Vijf van de zeven artikelen die hier vooralsnog als kernliteratuur wordt beschouwd, bepleiten om deze redenen een royale ruimtenorm. Khare & Mullick zijn hierin tamelijk uitgesproken. Zij geven diverse argumenten:

  • beperking van het aantal sociale stimuli teneinde daarmee prettig om te kunnen gaan; in het verlengde daarvan:
  • het vermijden van ‘overbevolking’
  • meer ruimten teneinde wachttijden te verminderen.

Een van de andere auteurs (Humphreys) benadrukt het belang van persoonlijke ruimte en introduceert daarbij het begrip ‘proxemics’:
Proxemics wordt gedefinieerd als de tak van kennis die zich bezig houdt met de hoeveelheid ruimte die mensen nodig vinden tussen zichzelf en de ander te plaatsen. ‘Proximiteit’ is de omstandigheid van nabijheid, van dichtbij zijn. Deze persoonlijke ruimte bevindt zich rondom het lichaam. De meeste mensen bewaken deze ruimte in bepaalde mate. In de ene cultuur is deze ruimte groter dan in de andere. In de Verenigde Staten bijvoorbeeld, is de afstand tussen twee Amerikanen die met elkaar in gesprek zijn bijna het dubbele van diezelfde afstand tussen twee Japanners in Japan. Bij autisme kan deze persoonlijke ruimte groter en meer kwetsbaar zijn. Gedurende een normale dag wordt deze op deze ruimte geregeld inbreuk gepleegd. In een gebouw worden ruimten bepaald door wanden en plafonds. Als deze te dicht bij elkaar zijn beperkt dat de ruimte. Zorgen voor een royale bewegingsruimte in een gebouw kan helpen het effect van deze inbreuken te verminderen.

Een van Lindsey Nebekers negen ingrediënten voor een succesvolle relatie is ‘respect voor elkaars persoonlijke ruimte’: “Voor een stel met autisme kan ruimte niet worden overschat. Het is essentieel om binnen de leefruimte tenminste één plek per persoon aan te wijzen waarbinnen men zich kan terugtrekken als hij / zij alleen wil zijn.

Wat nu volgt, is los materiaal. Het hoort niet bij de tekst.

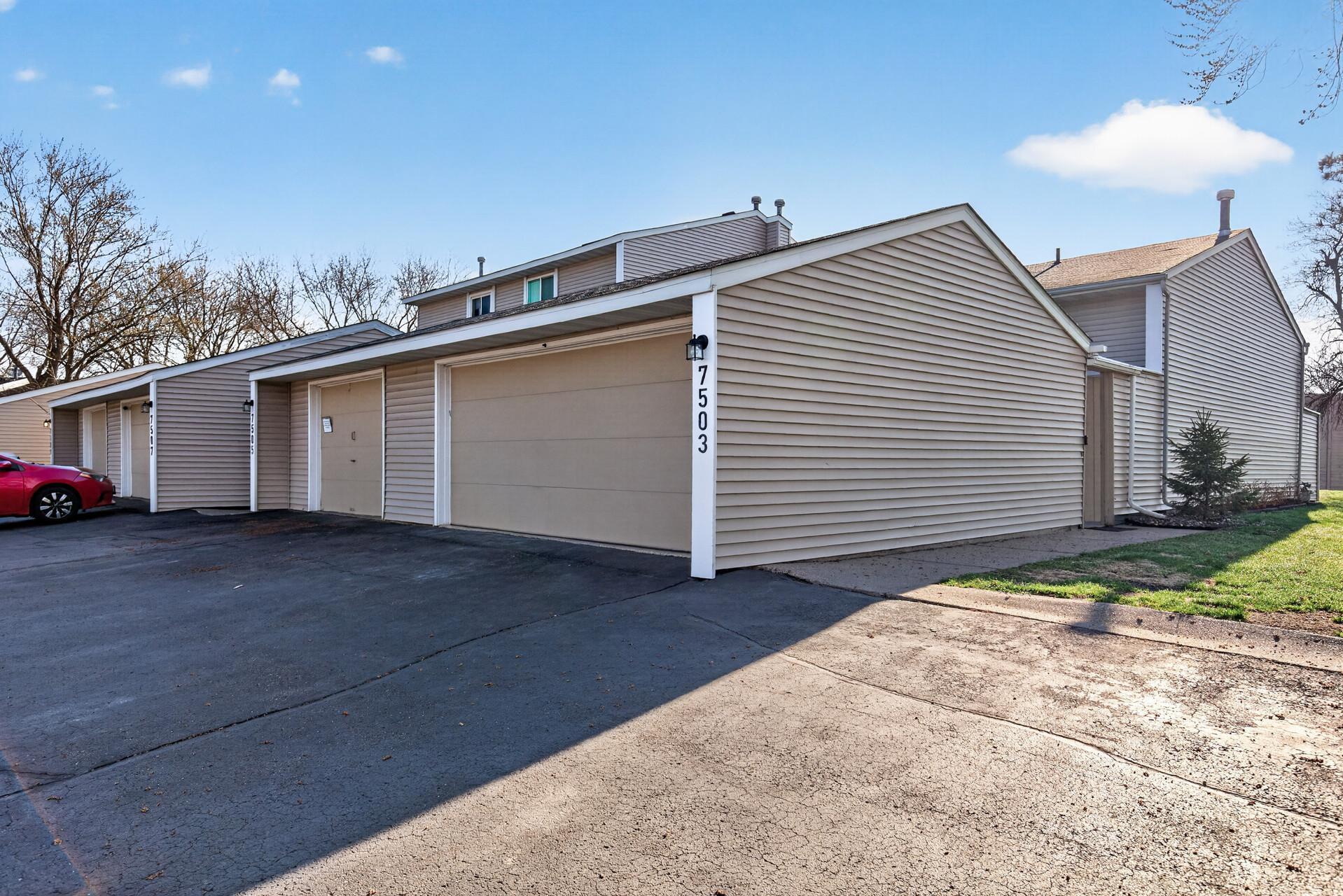 End-unit exterior featuring an oversized detached two-car garage, additional driveway parking, and convenient guest access.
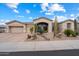 Lovely single-story home with a desert landscape, driveway to three-car garage, and a beautiful sky at 11448 E Blue Sky Dr, Scottsdale, AZ 85262
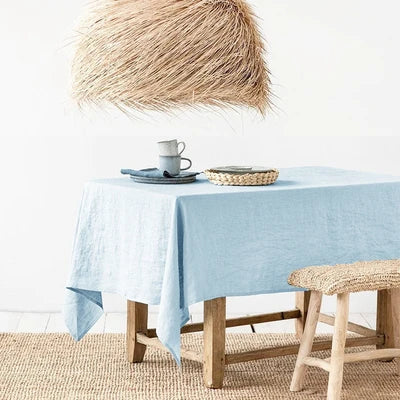 Sky blue rectangle tablecloth made of 100% pure linen, draped over a wooden table.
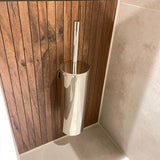 Le porte-brosse de toilette Branco Chrome de yessential.fr a une poignée argentée brillante, fixée au mur contre des panneaux de bois verticaux à côté des murs et du sol carrelés beige clair.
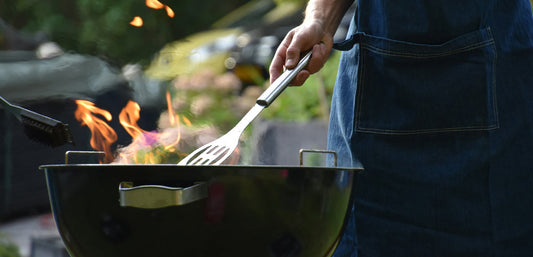 Person grilling on outdoor barbecue with flames, wearing blue apron, summer cookout scene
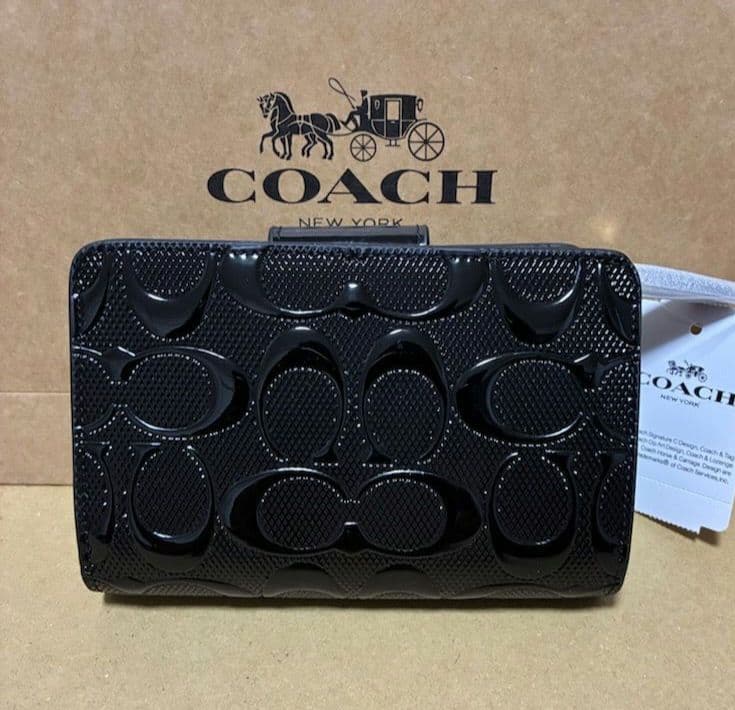 【オープン価格】COACH シグネチャーエンボス加工 二つ折り財布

Dat we onze eigen, daartoe bestemde persoonlijke ruime hebben, stelt ons in de gelegenheid om dezelfde  levensstijl te kunnen voortzetten die we ervoor hadden.”

McAllister & Maguire doen een aantal aanbevelingen voor jongere kinderen in het speciaal onderwijs die bijna ‘evidence based’ zijn. Zij benadrukken eveneens dat mensen met autisme vaak meer ruimte om zich heen nodig hebben dan anderen. In scholen bepleiten zij klaslokalen waarin per leerling ongeveer 10 vierkante meter (exclusief bergruimten en toiletten) beschikbaar is.

Overigens moet tenslotte worden opgemerkt dat mensen met autisme vaak ook behoefte hebben aan kleine ruimten, aan ‘insluiting’.